One of the nation’s best-known Angus bulls has been caught up in a semen quality saga.
Paratrooper P15 is regarded as a key performer in the Angus breed and had a hefty semen price of about $160 a straw.
But an advertisement has appeared in regional media asking for anyone who has used semen from the bull in the past year to contact Queensland legal firm Creevey Horrell.
Creevey Horrell principal Dan Creevey said he was acting for a single client but had “anecdotal evidence from several sources of problems”.
“We have no idea of damages yet and are not aware of any class action,” Mr Creevey said.
The advertisement asks for those who have used Paratrooper P15 semen in their artificial insemination program in November last year to contact the legal firm.
The Weekly Times understands that rather than a question of semen quality from a specific bull, the problem is more to do with the way the semen was processed, and that other bulls may be caught up in the same issue.

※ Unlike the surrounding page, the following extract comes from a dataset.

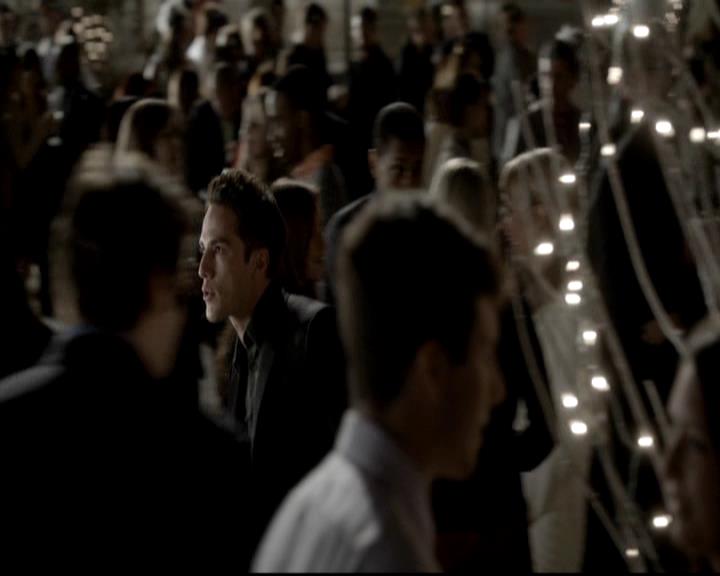 VampireDiariesWorld-dot-org_4x09OComeAllYeFaithful1712.jpg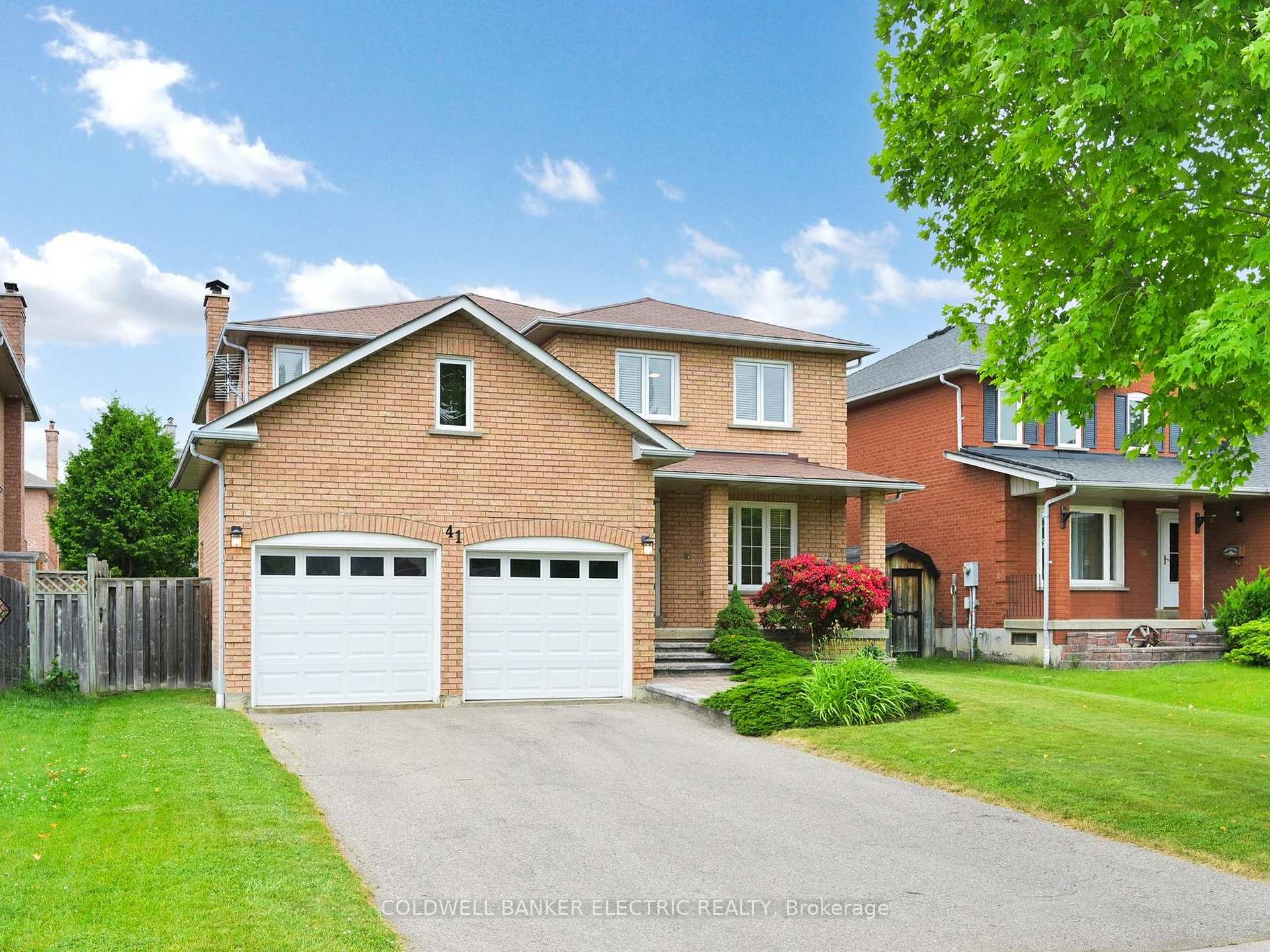 Photo 2 of 41 Falstaff Crescent, Whitby, Rolling Acres — HOMEH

But it’s the attention-grabbing Paratrooper P15, which sold for $160,000 in 2019, that has brought the issue into the spotlight.
At the Millah MurrahAngus sale at Bathurst, NSW, in September this year, 44 sons of Paratrooper P15 averaged $49,682.
One producer, who did not wish to be named, said he knew of issues with semen quality and had been approached to join legal action but declined to be involved.
Semen sales for the bull are handled through ABS.
The Weekly Times made several approaches to ABS Australia general manager Marcus Rees for comment but messages were not returned.